Saved data entries:
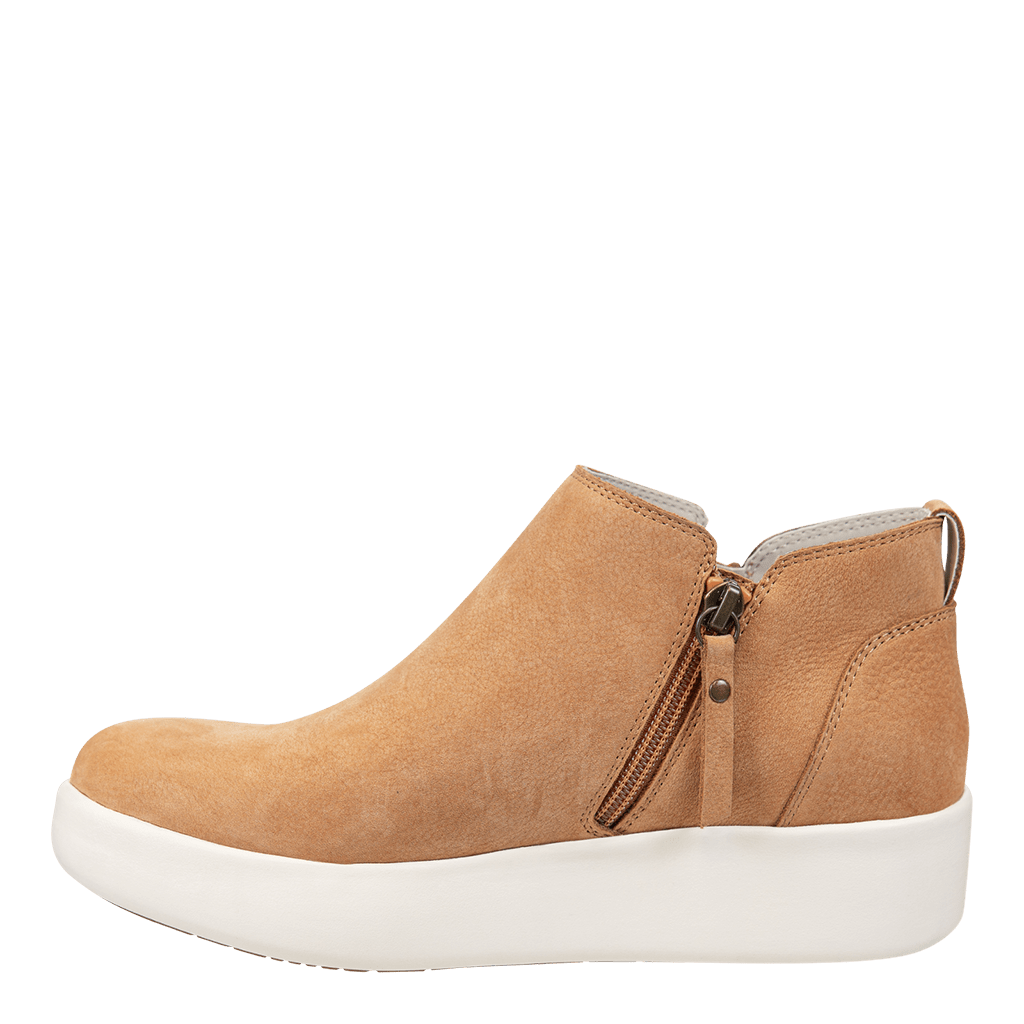 Leather 2024 sneaker booties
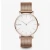 Import Stainless Steel back Case  Personalized Japanese  movement stainless steel fashion Couple  style watch from China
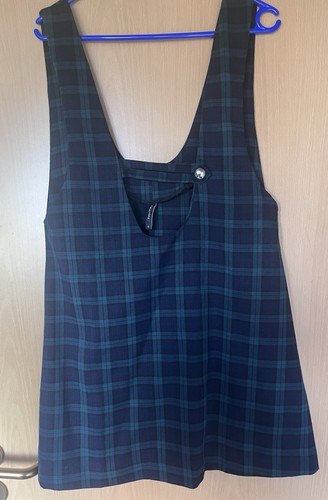 Pinafore trägerkleid - pinafore,,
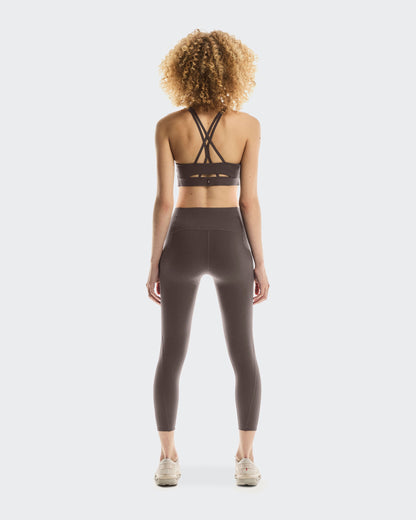 Women's Studio Tights 7/8 Pebble - US 7544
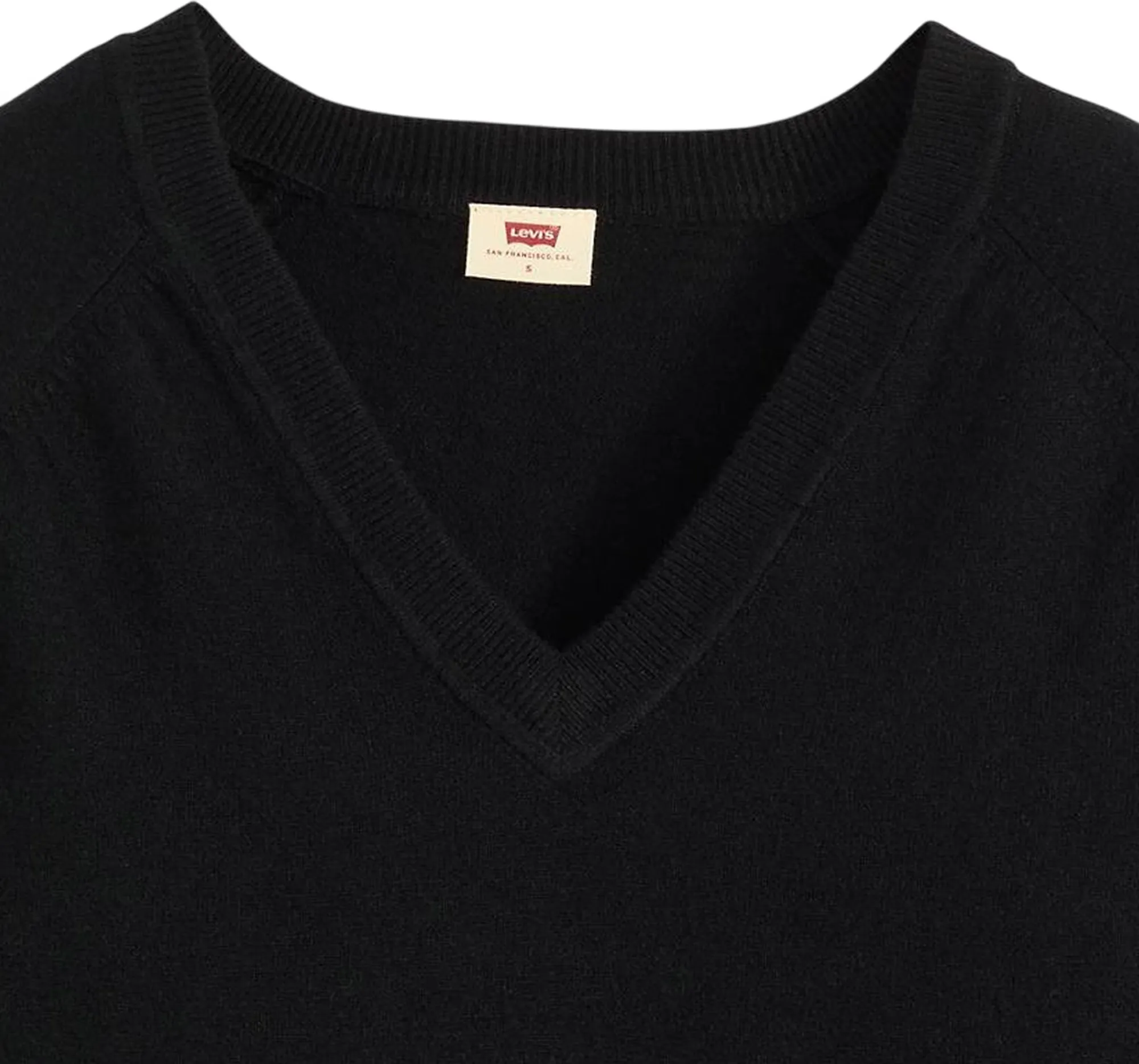 Levi'S B'Supersoft Sweater' Black 0046F0000 155315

Task statement: Where the data contains images, drop them and print the rest exactly.

Answer box:
 Leather 2024 sneaker booties
 Import Stainless Steel back Case  Personalized Japanese  movement stainless steel fashion Couple  style watch from China
 Pinafore trägerkleid - pinafore,,
 Women's Studio Tights 7/8 Pebble - US 7544
 Levi'S B'Supersoft Sweater' Black 0046F0000 155315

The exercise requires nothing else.